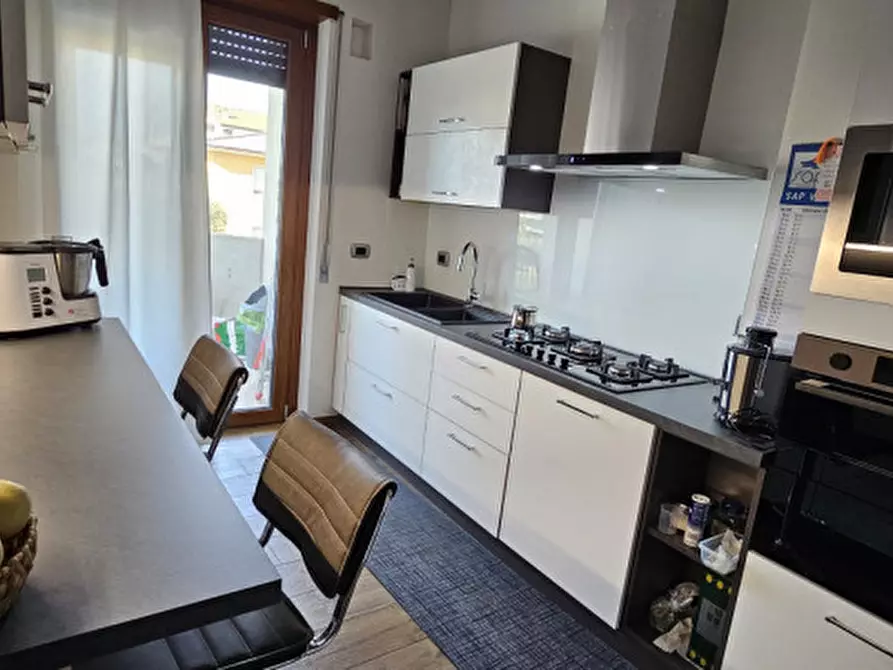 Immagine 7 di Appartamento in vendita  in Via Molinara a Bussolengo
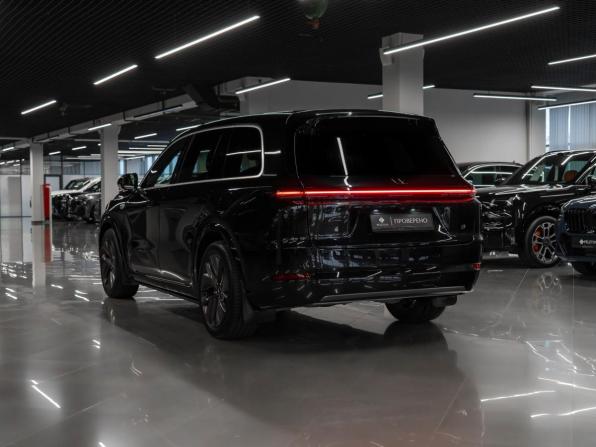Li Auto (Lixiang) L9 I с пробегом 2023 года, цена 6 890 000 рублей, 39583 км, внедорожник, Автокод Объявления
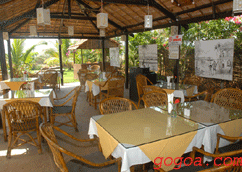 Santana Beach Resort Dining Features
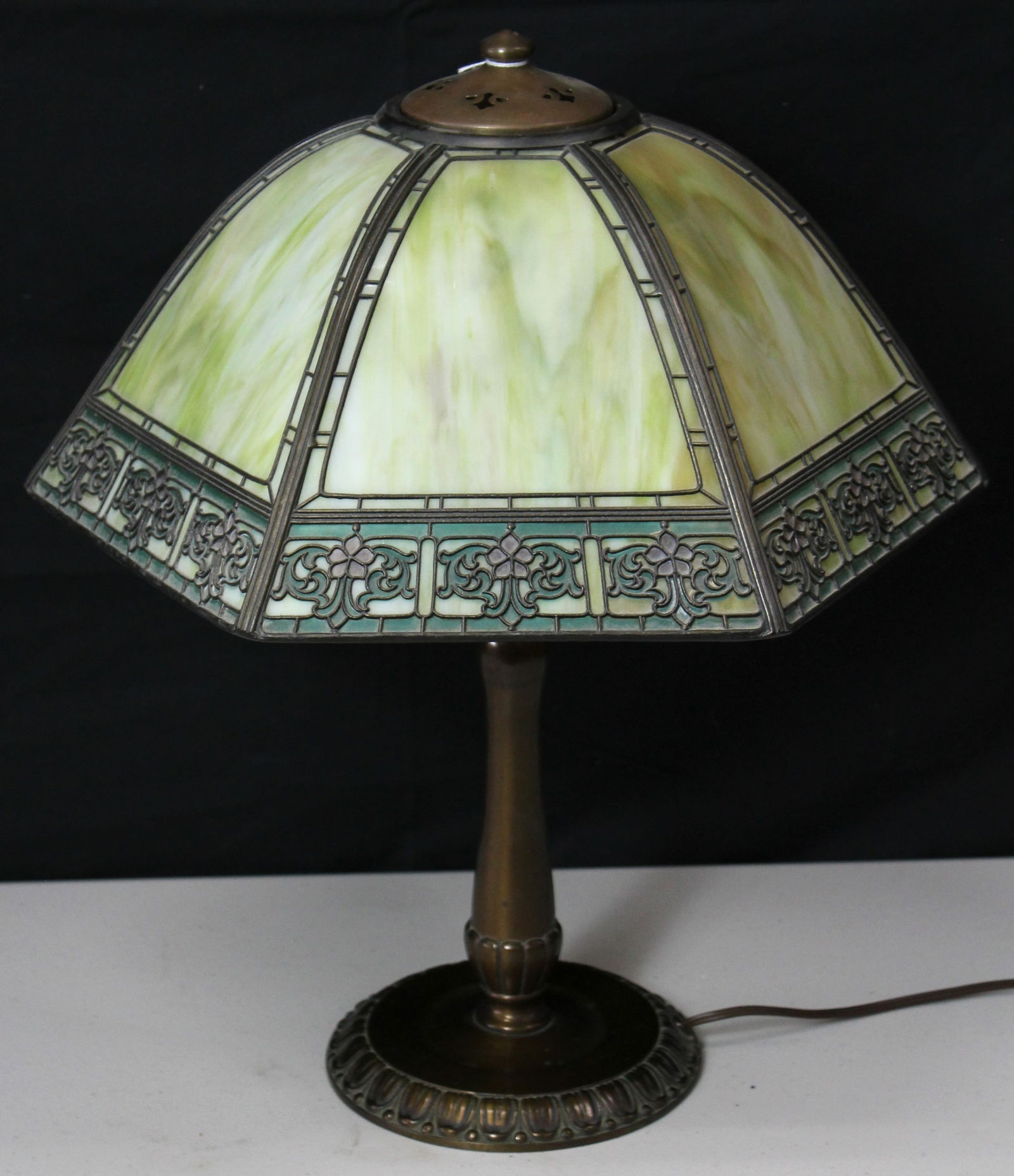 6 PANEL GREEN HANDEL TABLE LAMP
•••
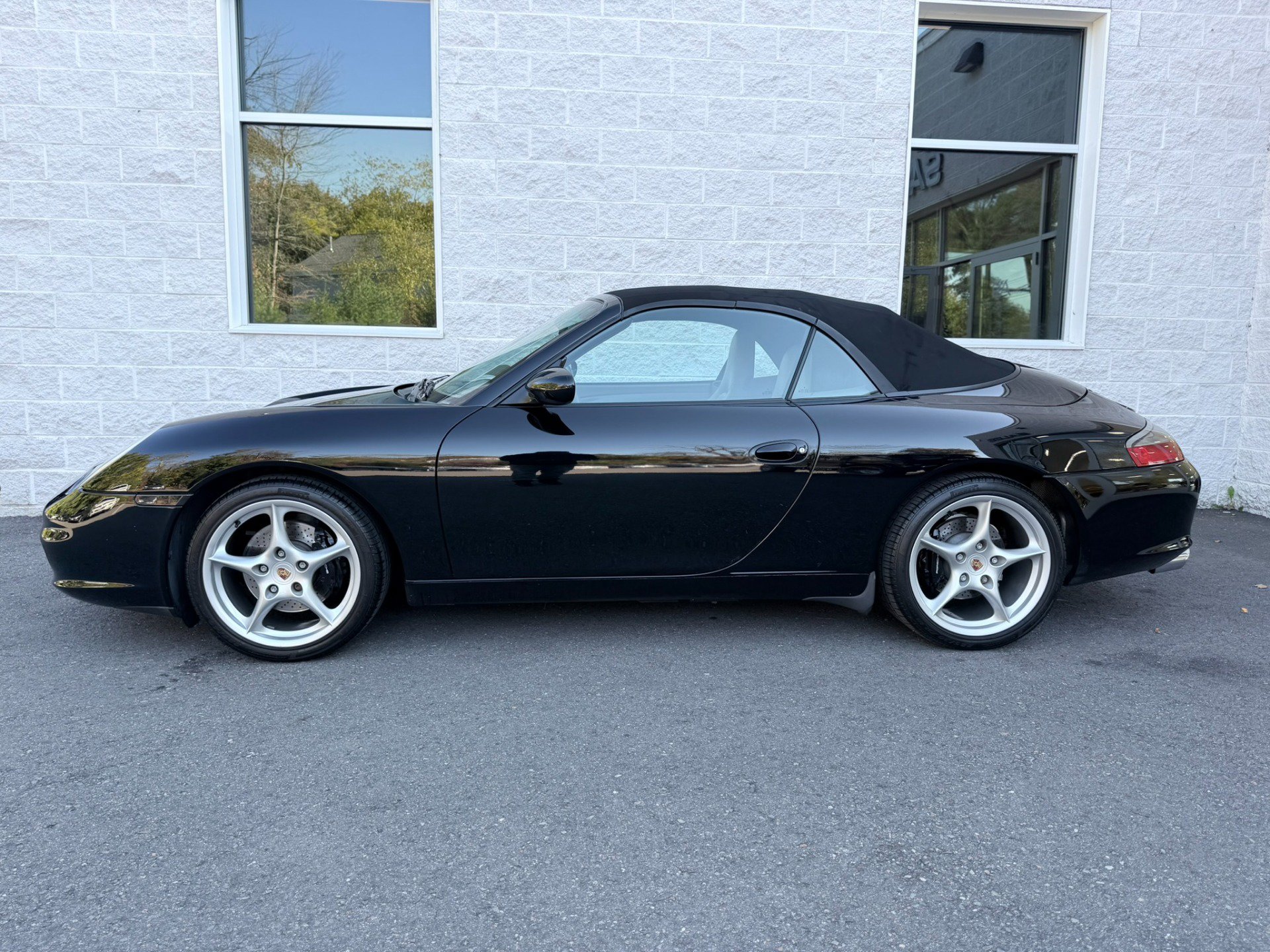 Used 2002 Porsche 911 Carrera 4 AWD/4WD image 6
•••
Print exactly the lines above that run from the one with "Immagine 7 di" down to the one with "6 PANEL GREEN HANDEL TABLE LAMP", and omit the pictures.

- _Output for this task_
 Immagine 7 di Appartamento in vendita  in Via Molinara a Bussolengo
Li Auto (Lixiang) L9 I с пробегом 2023 года, цена 6 890 000 рублей, 39583 км, внедорожник, Автокод Объявления
 Santana Beach Resort Dining Features
 6 PANEL GREEN HANDEL TABLE LAMP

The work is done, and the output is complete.